[Records drawn from a dataset]

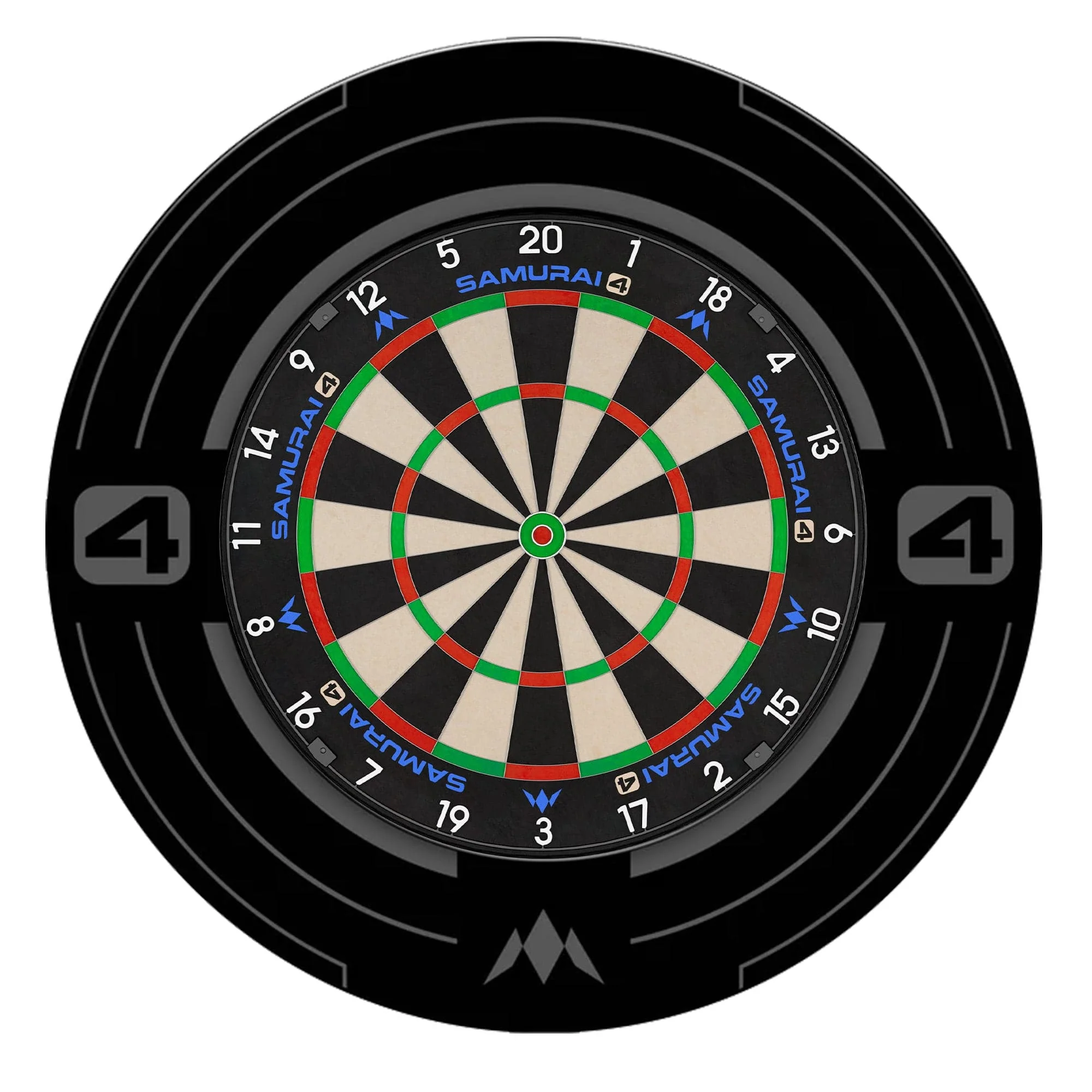 Mission Samurai 4 Dartboard Set - Dart Board & Surround - Image 5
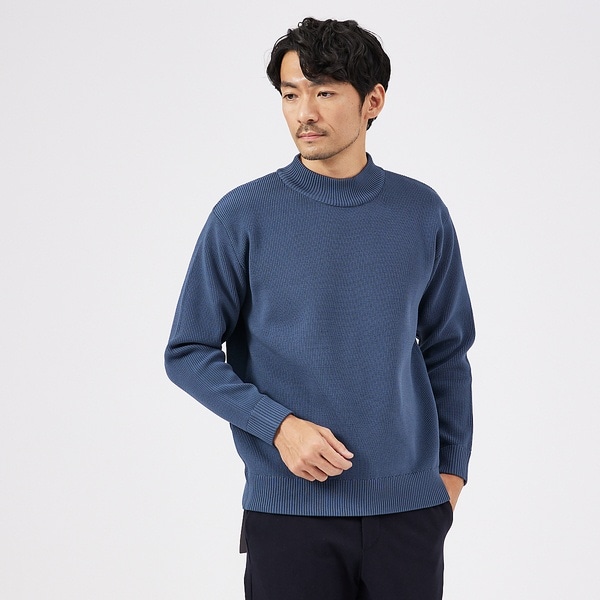 アバハウス　ABAHOUSE　メンズ　セーター　Ｍサイズ ABAHOUSE - ABAHOUSE アバハウス ウール混 ニット セーター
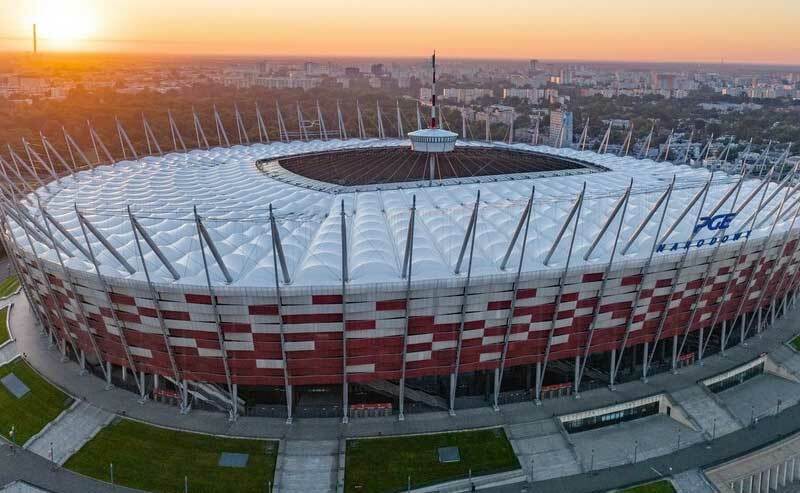 Jest C-band na Narodowym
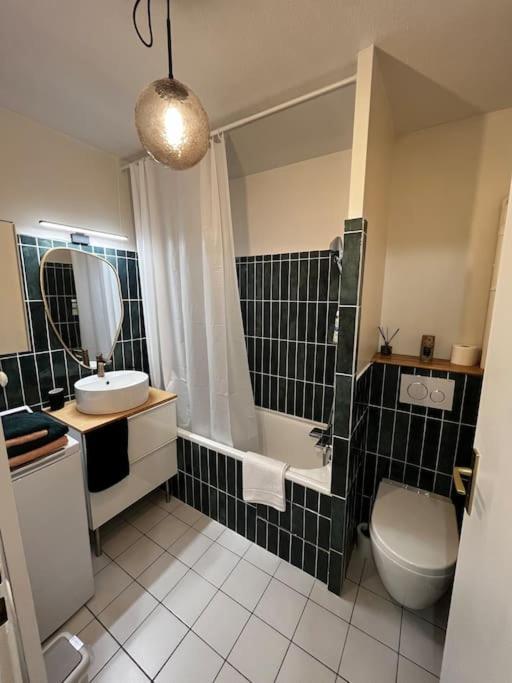 Charmant T2 Dans Toulouse Ngoại thất bức ảnh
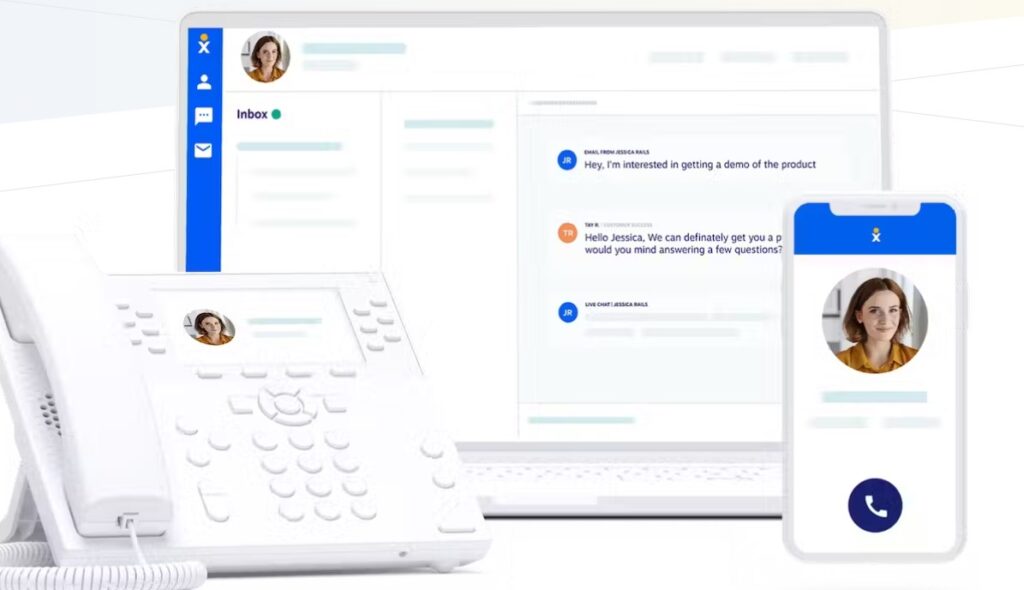 Nextiva - screenshot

## EXERCISE
The answer must be an exact copy of the lines from the one containing "Jest C-band na Narodowym" through the last line of the records, and nothing else. Pictures do not belong in it.

## COMPLETED EXERCISE
 Jest C-band na Narodowym
 Charmant T2 Dans Toulouse Ngoại thất bức ảnh
 Nextiva - screenshot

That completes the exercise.